Exercise prompt: All lines after the one containing "Modern Potted Plant" are needed, along with that line itself. Please repeat them exactly through the end of the entries.

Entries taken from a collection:
Start of Block

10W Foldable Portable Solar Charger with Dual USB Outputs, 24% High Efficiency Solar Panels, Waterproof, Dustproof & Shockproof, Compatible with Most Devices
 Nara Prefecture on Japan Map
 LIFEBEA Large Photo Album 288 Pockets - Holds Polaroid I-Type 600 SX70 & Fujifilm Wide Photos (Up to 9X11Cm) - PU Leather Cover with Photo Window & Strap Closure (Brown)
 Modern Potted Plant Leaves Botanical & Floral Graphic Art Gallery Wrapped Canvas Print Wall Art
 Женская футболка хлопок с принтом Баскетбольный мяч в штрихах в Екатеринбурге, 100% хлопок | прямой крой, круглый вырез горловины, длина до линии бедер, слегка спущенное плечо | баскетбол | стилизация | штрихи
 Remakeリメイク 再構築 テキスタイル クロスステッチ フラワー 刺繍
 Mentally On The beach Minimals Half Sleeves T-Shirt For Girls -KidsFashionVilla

End of Block

Answer below:
 Modern Potted Plant Leaves Botanical & Floral Graphic Art Gallery Wrapped Canvas Print Wall Art
 Женская футболка хлопок с принтом Баскетбольный мяч в штрихах в Екатеринбурге, 100% хлопок | прямой крой, круглый вырез горловины, длина до линии бедер, слегка спущенное плечо | баскетбол | стилизация | штрихи
 Remakeリメイク 再構築 テキスタイル クロスステッチ フラワー 刺繍
 Mentally On The beach Minimals Half Sleeves T-Shirt For Girls -KidsFashionVilla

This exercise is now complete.